I'm still having trouble figuring out how to get from the rdf-triples
it's got there to a hash of codes (as they appear in marc records, not
URIs), to labels.
It seems like it in fact will be a lot more work than the scraping I'm
doing of the HTML page now, but of course the problem with the HTML page
is that it's structure is not reliable, it changes. So the structured
data from id.loc.gov is the way to go.... but I'm still getting confused
figuring out how to get what I want out of it. If anyone wants to give
me any hints, appreciated.
It kind of looks like I FIRST have to get the complete list from one of
the structured forms (RDF-XML, triple, etc), and THEN make a seperate
HTTP request for _each_ term listed in the list to get the code as found
in the MARC record and the label. That's a pretty slow process, as well
as requiring writing more code than a task like this seems like it
should take. Is there anything on that site that can give me the
code/label pairs in one single download?
On 6/22/2011 6:38 PM, Stephen Hearn wrote:
> Have you looked at id.loc.gov? One of its vocabularies defines URLs
> for each of the MARC geographic area codes.

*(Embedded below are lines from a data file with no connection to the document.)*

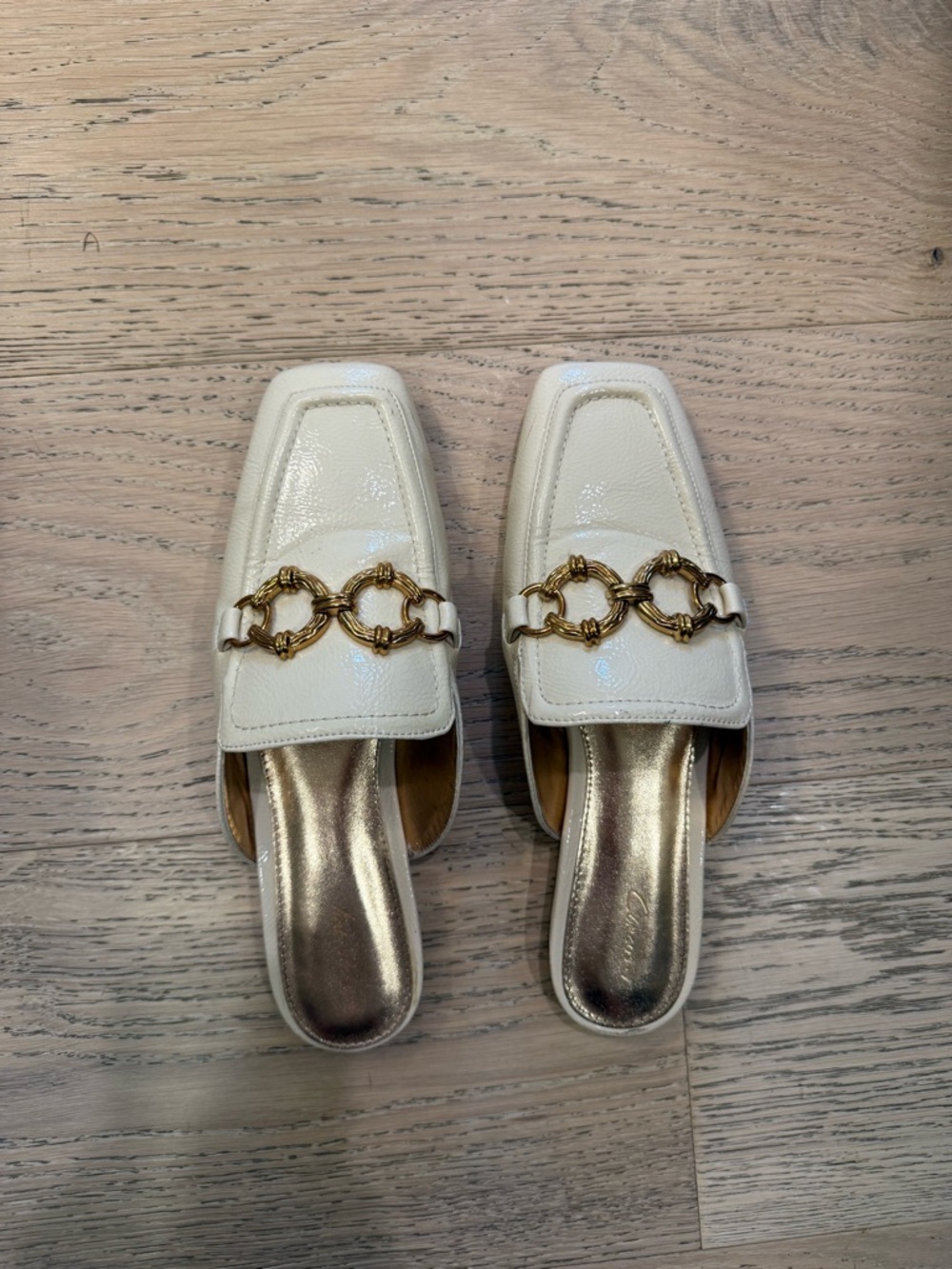 Circus/Sam Edelman Elegant Ivory Leather Slip-On Loafers with Gold Chain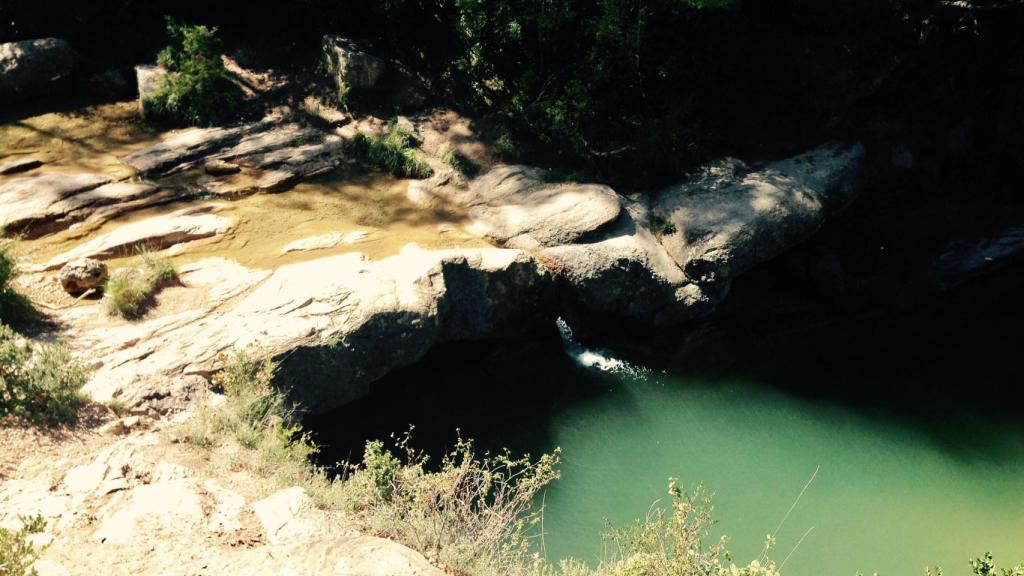 La ruta de montaña que triunfa en Cataluña: un itinerario espectacular entre bosques húmedos y patrimonio medieval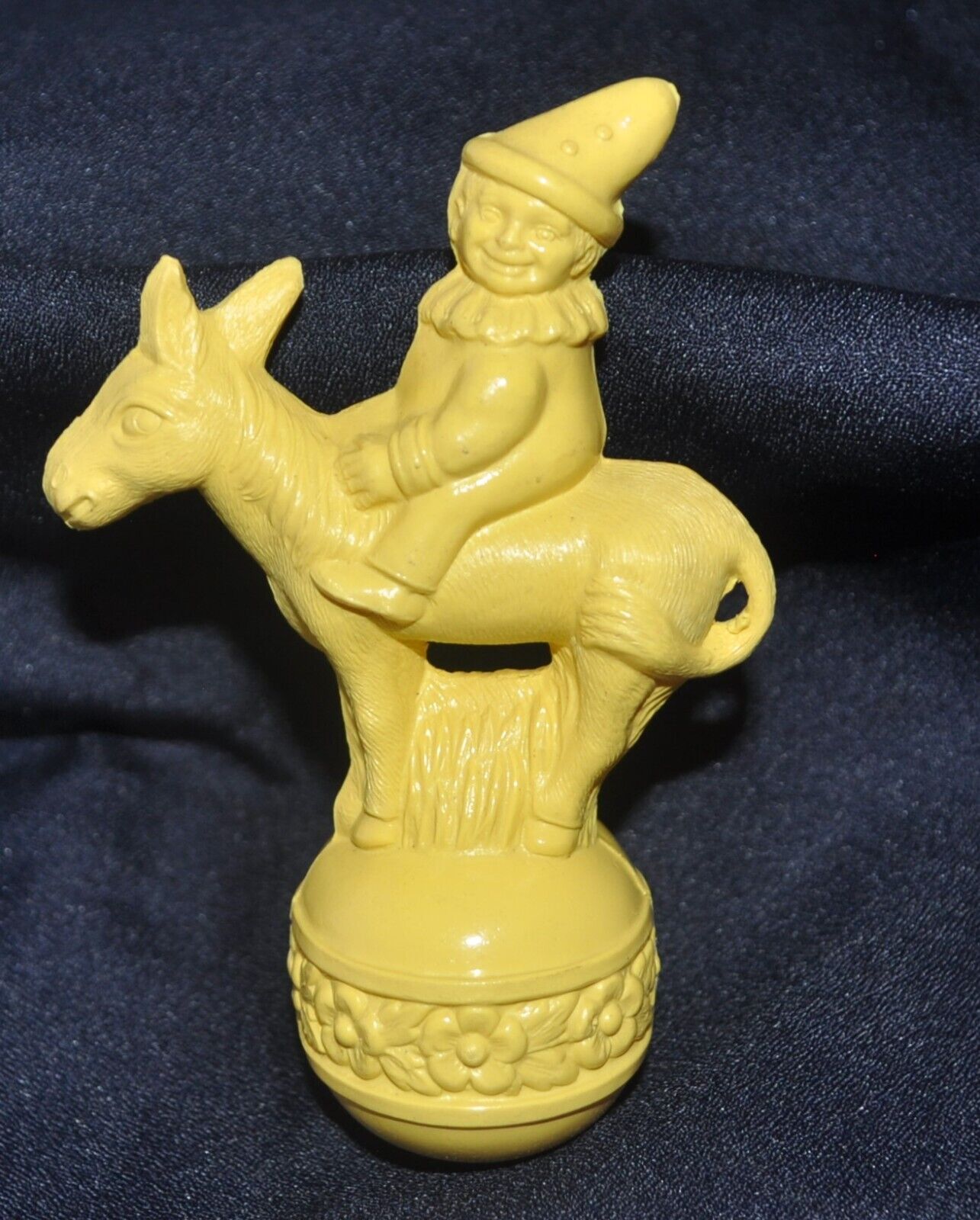 MINTY ANTIQUE 1920S VTG VISCOLOID CELLULOID EASTER TOY SCARY CLOWN ON DONKEY 4\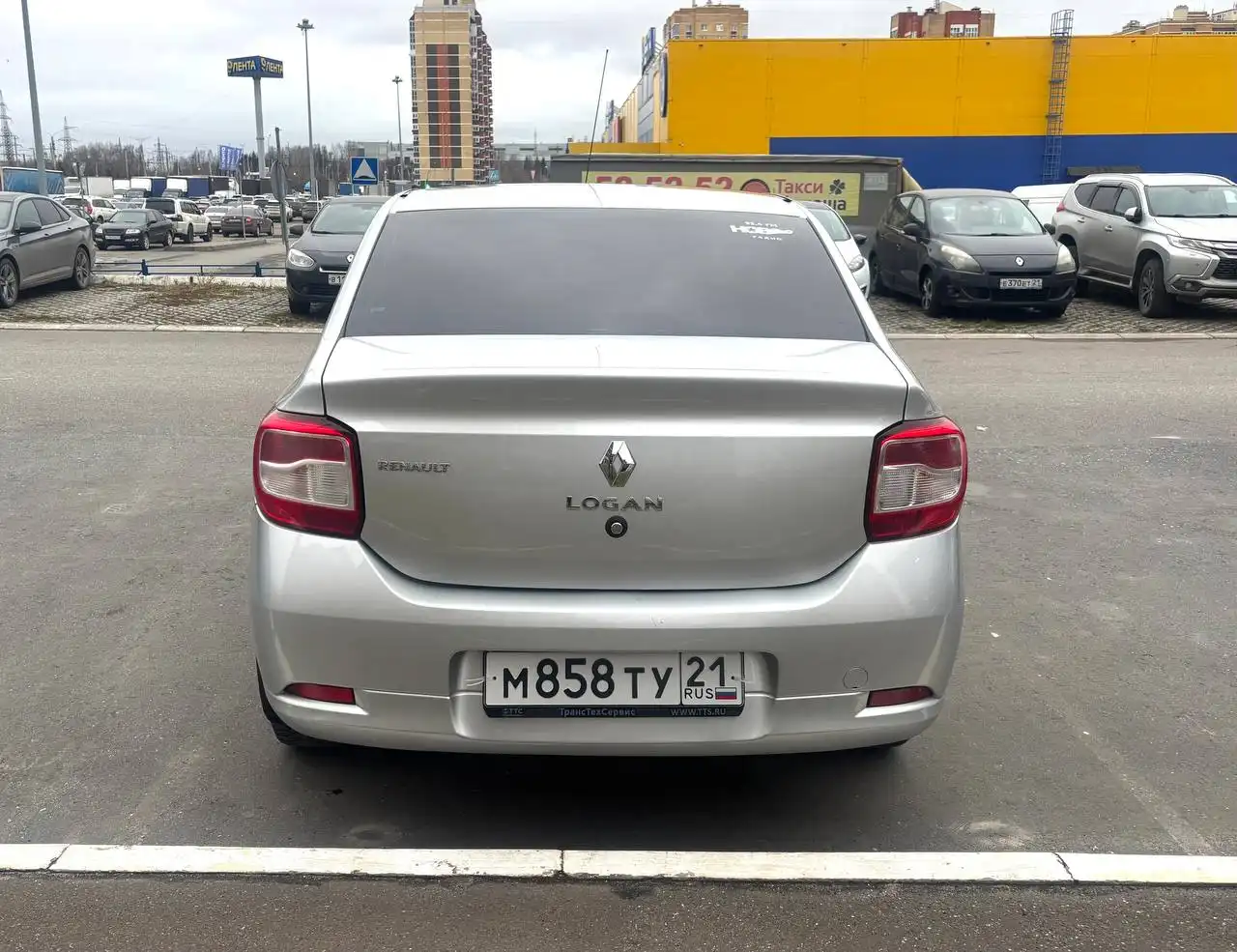 Автомобиль 2015 года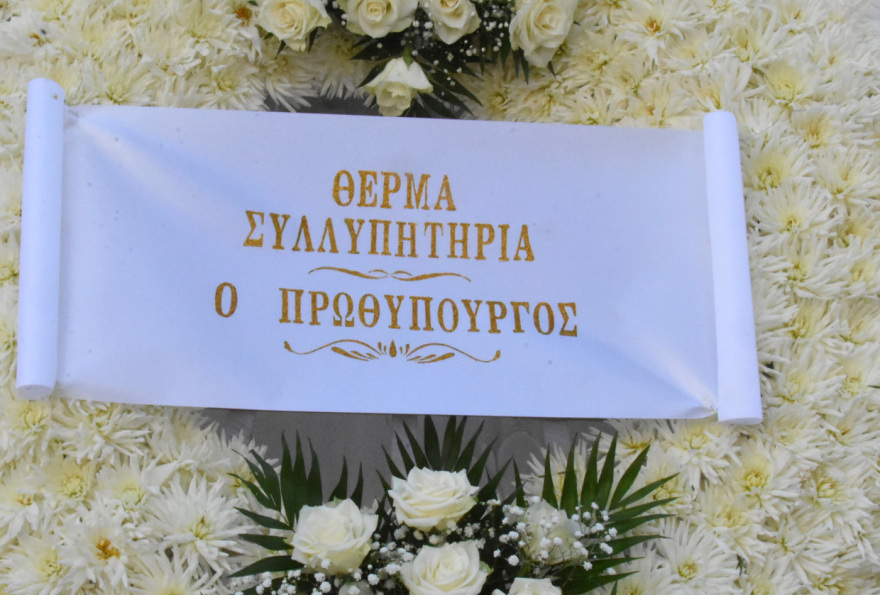 «Αθάνατη» - Όλη η Ελλάδα αποχαιρέτησε με χειροκροτήματα τη Φώφη Γεννηματά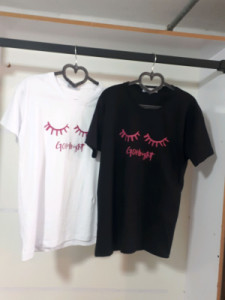 تیشرت پنبه ای با طرح پلک دو رنگ سفید و مشکی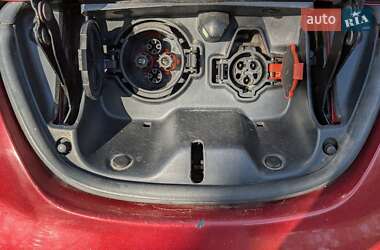 Хэтчбек Nissan Leaf 2014 в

> On Wed, Jun 22, 2011 at 4:44 PM, Jonathan Rochkind<[log in to unmask]> wrote:
>> Can anyone remind me if there's a machine readable copy of the MARC
>> geographic codes available at any persistent URL?
>> They're in HTML at http://www.loc.gov/marc/geoareas/gacs_code.html . I
>> actually had a script that automatically downloaded from there and "scraped"
>> the HTML -- but sometime since I wrote the script, the HTML structure on the
>> page changed and it broke.
>> (I kind of thought that was unlikely since that HTML page itself was machine
>> generated -- but I guess they changed the software that generated it.
>> Certainly I knew that scraping HTML was a bad thing to rely on... which is
>> why I hope LC provides this in some format less likely to change?)